SABEDORIA | Pino Daeni
Recentemente presenciei o sentimento de infâmia de uma mulher à hipótese de seu namorado/marido trabalhar em uma “Cerâmica” (fábrica de telhas e tijolos). Pelo menos no interior da Paraíba, nesta indústria impera o trabalho braçal pesado. Sendo assim, a soma da falta de oportunidade com a falta de formação dos trabalhadores faz com que estas indústrias recrutem o pessoal de “nível mais baixo”. Aí está a causa da “vergonha” desta mulher.

Na verdade, este sentimento partilhado da moça tem raízes mais profundas: a vaidade. Não é culpa dela, especificamente; mas da sociedade como um todo.

A vaidade, genericamente entendida, é aquele sentimento individualista de ser único e especial. Por isso, a vida do vaidoso tem de ser ornada por pessoas e coisas que partilhem das mesmas características.

As posses, tanto intelectuais quanto materiais, tendem a pôr quem as tem em um nível de afastamento daqueles que nada ou pouco disso possuem.

A aparência física, hoje tão bem cultivada, também tem o poder de “segregação estética” com tudo aquilo que não a acompanhar.

Mas, nada é tão libertador quanto o desprendimento do supérfluo. 

Trabalhar em uma indústria como esta mencionada não traz em si mesmo nenhum mal. O mal provém das opiniões daqueles que enxergam nesta labuta a diminuição da dignidade  dignidade esta talvez baseada em noção de sucesso ou boa reputação.

O pensador estoico Epicteto, um ex-escravo da Grécia antiga, defendia que, das coisas existentes, existem as que são encargo nosso e as que não são de nossa responsabilidade (Manual de Epicteto).

O juízo, o desejo, o impulso, a repulsa, por exemplo, são encargos nossos.

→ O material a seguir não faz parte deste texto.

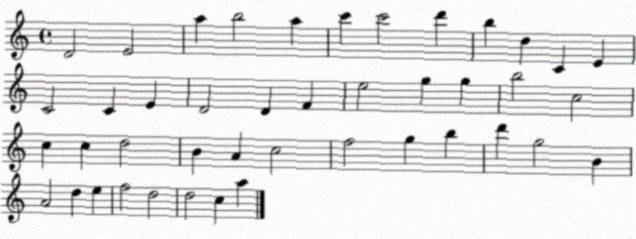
X:1
T:Untitled
M:4/4
L:1/4
K:C
D2 E2 a b2 a c' c'2 d' b d C E C2 C E D2 D F e2 g g b2 c2 c c d2 B A c2 f2 g b d' g2 B A2 d e f2 d2 d2 c a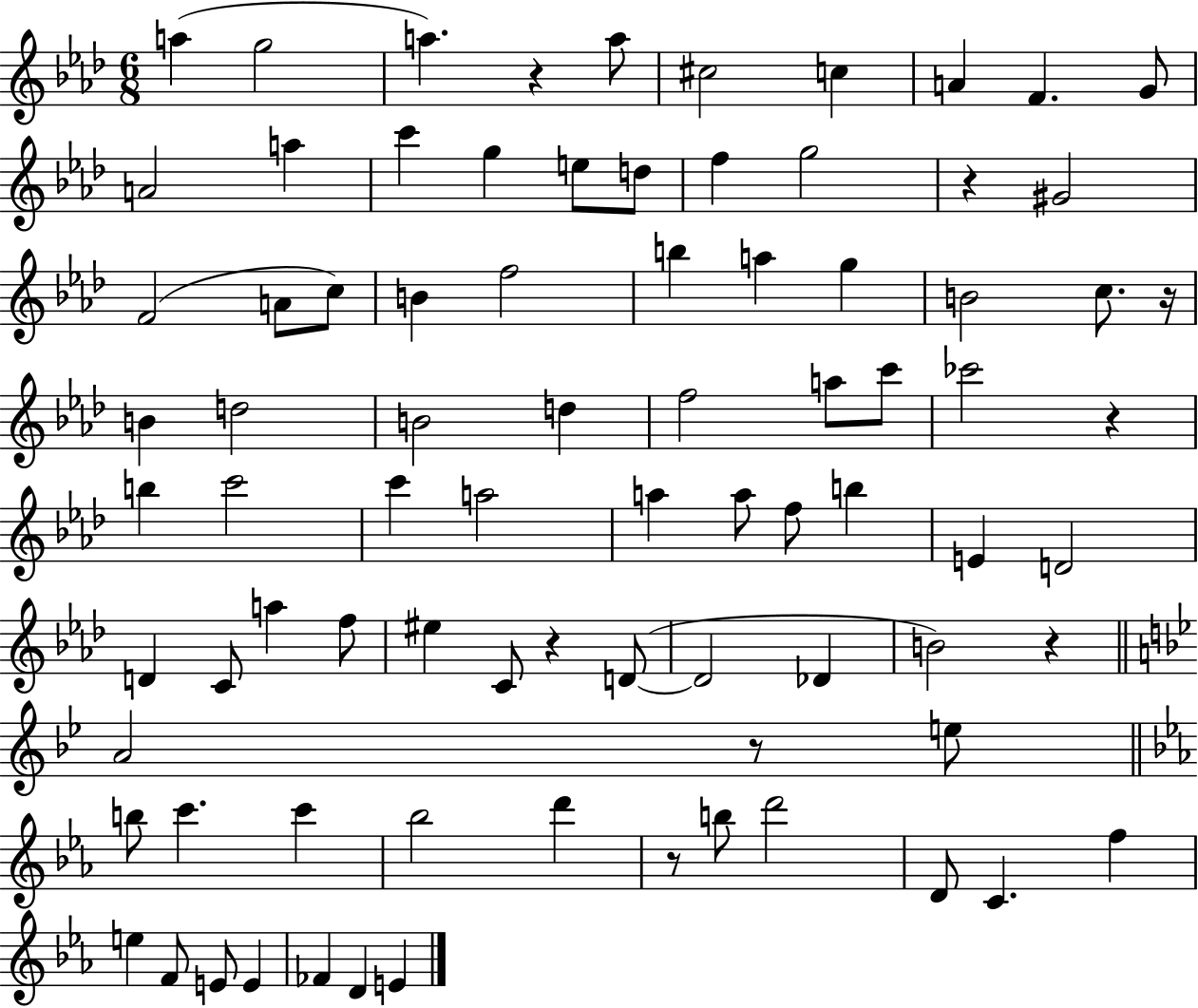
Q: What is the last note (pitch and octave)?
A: E4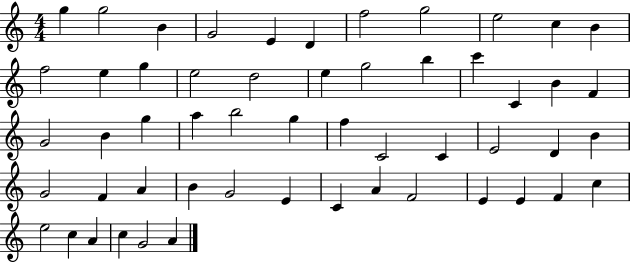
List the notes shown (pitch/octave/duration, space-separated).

G5/q G5/h B4/q G4/h E4/q D4/q F5/h G5/h E5/h C5/q B4/q F5/h E5/q G5/q E5/h D5/h E5/q G5/h B5/q C6/q C4/q B4/q F4/q G4/h B4/q G5/q A5/q B5/h G5/q F5/q C4/h C4/q E4/h D4/q B4/q G4/h F4/q A4/q B4/q G4/h E4/q C4/q A4/q F4/h E4/q E4/q F4/q C5/q E5/h C5/q A4/q C5/q G4/h A4/q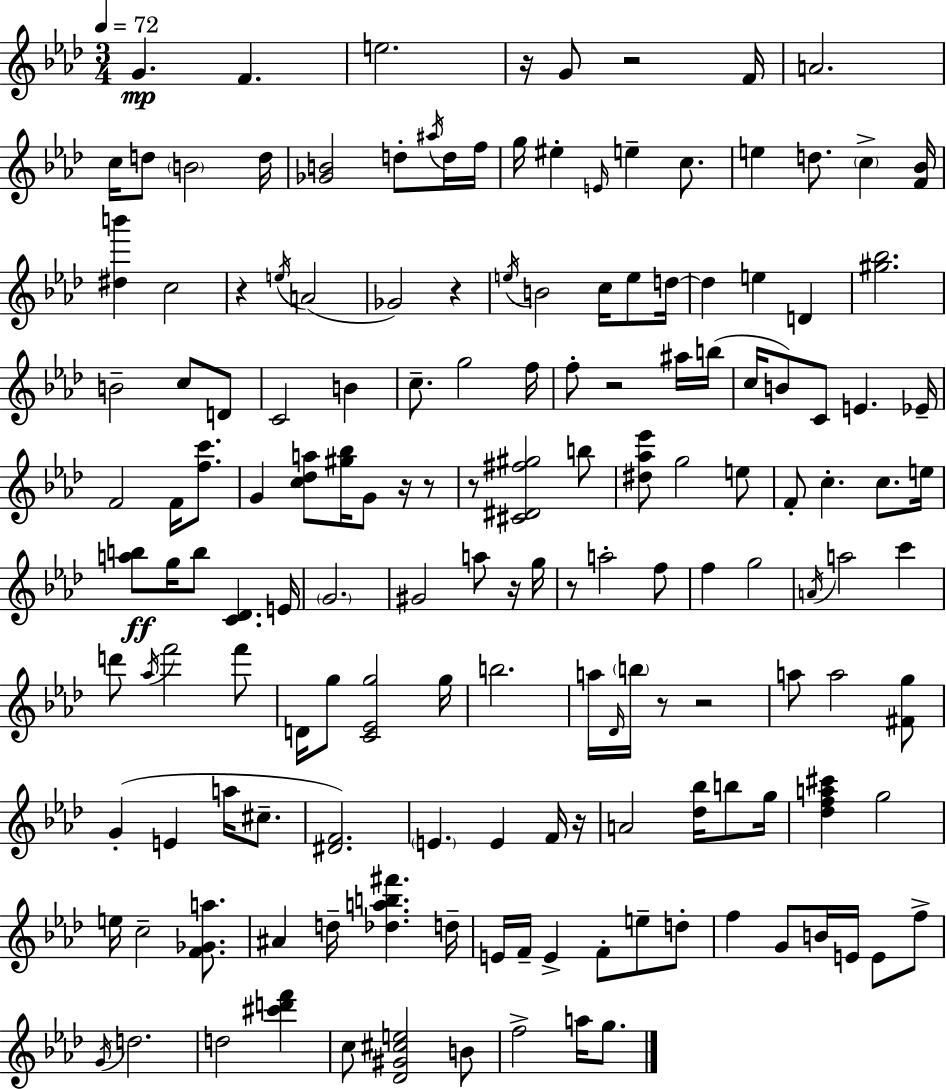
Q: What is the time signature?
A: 3/4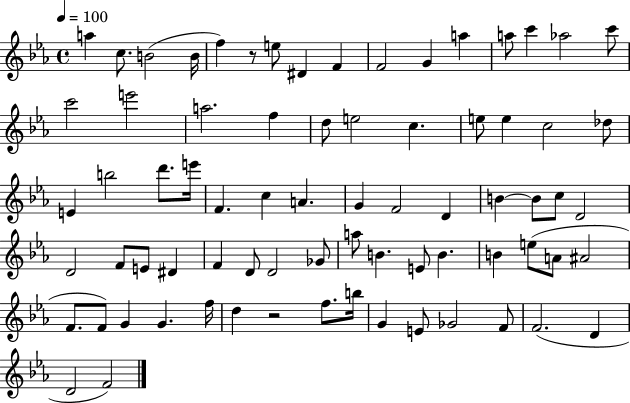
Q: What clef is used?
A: treble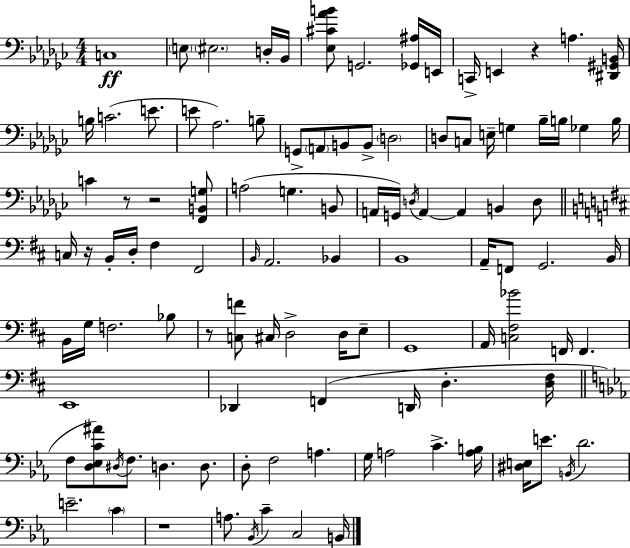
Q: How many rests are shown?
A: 6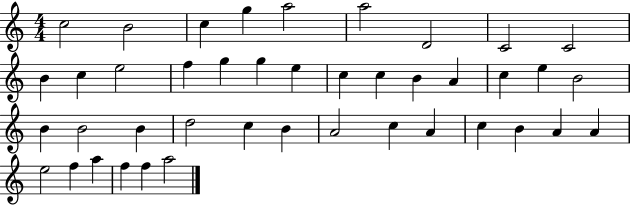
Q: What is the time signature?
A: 4/4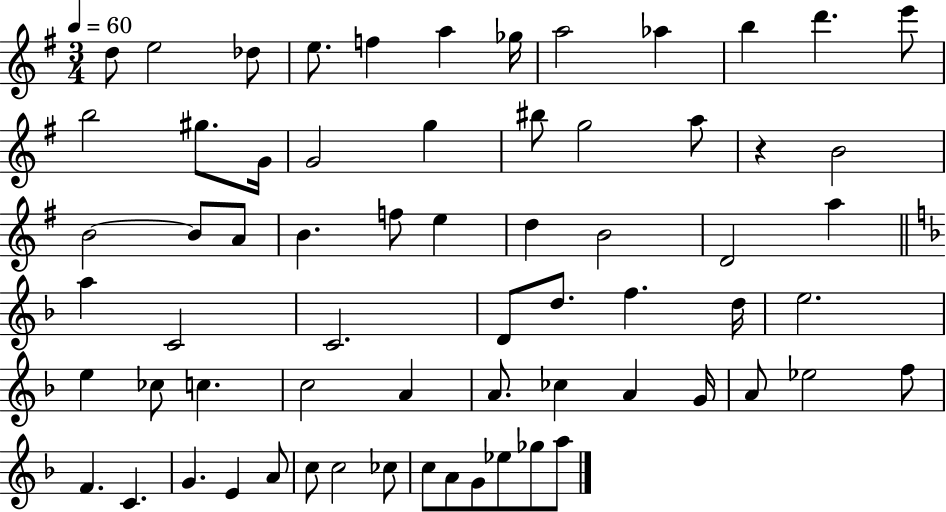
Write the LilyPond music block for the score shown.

{
  \clef treble
  \numericTimeSignature
  \time 3/4
  \key g \major
  \tempo 4 = 60
  \repeat volta 2 { d''8 e''2 des''8 | e''8. f''4 a''4 ges''16 | a''2 aes''4 | b''4 d'''4. e'''8 | \break b''2 gis''8. g'16 | g'2 g''4 | bis''8 g''2 a''8 | r4 b'2 | \break b'2~~ b'8 a'8 | b'4. f''8 e''4 | d''4 b'2 | d'2 a''4 | \break \bar "||" \break \key f \major a''4 c'2 | c'2. | d'8 d''8. f''4. d''16 | e''2. | \break e''4 ces''8 c''4. | c''2 a'4 | a'8. ces''4 a'4 g'16 | a'8 ees''2 f''8 | \break f'4. c'4. | g'4. e'4 a'8 | c''8 c''2 ces''8 | c''8 a'8 g'8 ees''8 ges''8 a''8 | \break } \bar "|."
}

As posses, a reputação, os cargos públicos etc., não são nossos encargos.

Podemos perder tudo aquilo que nos “orna”, mas ainda assim permaneceremos. O que é inalienavelmente nosso, aquilo que não nos pode ser saqueado, é nós mesmos, nossa alma.

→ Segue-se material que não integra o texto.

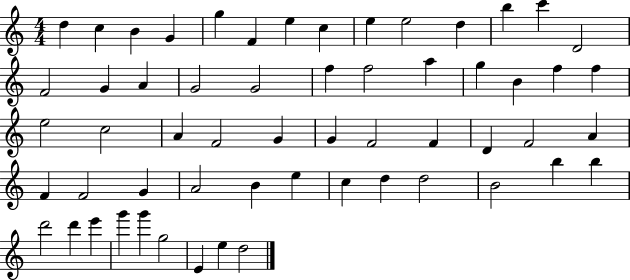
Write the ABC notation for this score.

X:1
T:Untitled
M:4/4
L:1/4
K:C
d c B G g F e c e e2 d b c' D2 F2 G A G2 G2 f f2 a g B f f e2 c2 A F2 G G F2 F D F2 A F F2 G A2 B e c d d2 B2 b b d'2 d' e' g' g' g2 E e d2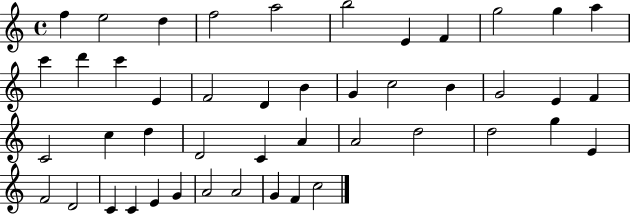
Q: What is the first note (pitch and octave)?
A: F5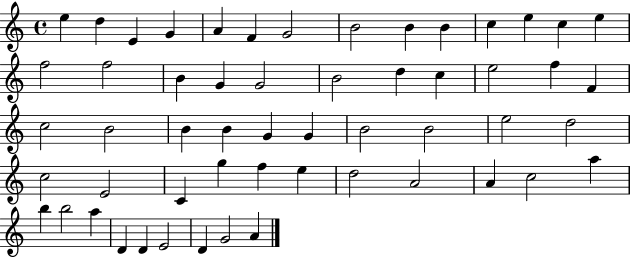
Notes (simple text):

E5/q D5/q E4/q G4/q A4/q F4/q G4/h B4/h B4/q B4/q C5/q E5/q C5/q E5/q F5/h F5/h B4/q G4/q G4/h B4/h D5/q C5/q E5/h F5/q F4/q C5/h B4/h B4/q B4/q G4/q G4/q B4/h B4/h E5/h D5/h C5/h E4/h C4/q G5/q F5/q E5/q D5/h A4/h A4/q C5/h A5/q B5/q B5/h A5/q D4/q D4/q E4/h D4/q G4/h A4/q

As posses e as reputações só dizem respeito sobre o que elas são, mas nada dizem sobre quem o possuidor é em seu íntimo. Como o próprio Epicteto afirmou, nós não somos as posses que possuímos.

Enquanto o homem se apegar ao que ele tem e ao que os outros falam dele, nunca irá viver de forma livre, mas preso àquilo que não é da sua natureza. Isto é, as posses e a reputação são “ornamentos” que são totalmente casuais no homem. Assim, viver preso a eles é negar o que está o tempo todo consigo: a alma de homem.

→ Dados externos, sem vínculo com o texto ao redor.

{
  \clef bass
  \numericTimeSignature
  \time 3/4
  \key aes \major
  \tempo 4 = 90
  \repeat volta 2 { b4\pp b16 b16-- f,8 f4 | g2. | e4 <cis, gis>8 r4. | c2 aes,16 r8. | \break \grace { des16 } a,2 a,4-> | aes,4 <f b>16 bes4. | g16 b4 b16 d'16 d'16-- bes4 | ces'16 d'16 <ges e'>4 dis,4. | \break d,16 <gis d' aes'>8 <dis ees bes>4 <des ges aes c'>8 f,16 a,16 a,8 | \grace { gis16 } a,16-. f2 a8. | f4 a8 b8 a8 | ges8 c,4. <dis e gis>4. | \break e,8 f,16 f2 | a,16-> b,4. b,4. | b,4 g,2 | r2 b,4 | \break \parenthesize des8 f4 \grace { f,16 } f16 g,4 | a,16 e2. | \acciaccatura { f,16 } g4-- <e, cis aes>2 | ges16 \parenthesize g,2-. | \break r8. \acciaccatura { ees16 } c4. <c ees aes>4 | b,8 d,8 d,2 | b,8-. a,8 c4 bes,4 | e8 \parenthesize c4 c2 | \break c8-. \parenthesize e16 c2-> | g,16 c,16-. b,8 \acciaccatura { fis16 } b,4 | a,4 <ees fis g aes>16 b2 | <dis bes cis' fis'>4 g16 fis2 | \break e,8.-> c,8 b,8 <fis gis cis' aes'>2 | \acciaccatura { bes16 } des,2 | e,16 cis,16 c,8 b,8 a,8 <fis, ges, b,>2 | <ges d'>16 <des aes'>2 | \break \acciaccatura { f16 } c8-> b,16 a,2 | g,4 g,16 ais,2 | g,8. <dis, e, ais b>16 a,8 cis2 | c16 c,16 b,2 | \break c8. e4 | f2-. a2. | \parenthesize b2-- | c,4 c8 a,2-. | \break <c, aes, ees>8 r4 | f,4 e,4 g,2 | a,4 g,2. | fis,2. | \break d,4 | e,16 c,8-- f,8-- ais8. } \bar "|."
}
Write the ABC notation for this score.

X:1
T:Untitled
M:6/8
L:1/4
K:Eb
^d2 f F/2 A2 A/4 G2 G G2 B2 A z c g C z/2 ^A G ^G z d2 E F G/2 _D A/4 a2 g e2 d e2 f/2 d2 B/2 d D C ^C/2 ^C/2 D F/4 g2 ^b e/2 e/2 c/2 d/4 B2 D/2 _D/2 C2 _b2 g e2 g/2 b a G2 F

Para falar como Cícero, no livreto A virtude e a felicidade, o homem sábio jamais reclama da sua sorte. É claro que esta afirmação requer um tratamento filosófico sobre o tema  o que não será feito aqui , mas, grosso modo, ela ressalta a importância de refletirmos sobre o que o homem necessita para ser quem é ou para ser feliz.

A recusa de posses que só dirão o que ele tem é a afirmação que o homem é muito mais do que aquilo que possui e do cargo que ocupa. 

Precisamos direcionar o olhar para a alma do Outro, e, o mais importante, precisamos deixar nossa alma se mostrar. No entanto, muitas vezes, para que deixemos transparecer nossa alma a outro, é preciso que tratemos dela. Ela precisa ser a aceitação de si e do outro, motivo pelo qual é possível a manutenção da humanidade e da inter-relação humana.

Em resumo, talvez a mulher envergonhada pelo possível cargo de seu companheiro ainda não tenha encontrado a saída da sua vaidade. E esta última é a sustentação do dispensável para a vida: neste caso, a reputação pela função.

O emprego ocupado não é uma característica que o homem traz consigo, impresso em sua natureza. Portanto, não se deve definir aquele homem pela função que ocupa. Assim como também não se deve defini-lo pelo que possui. 

O indivíduo é anterior a tudo o que possui, de modo que antes de possuir ele também era.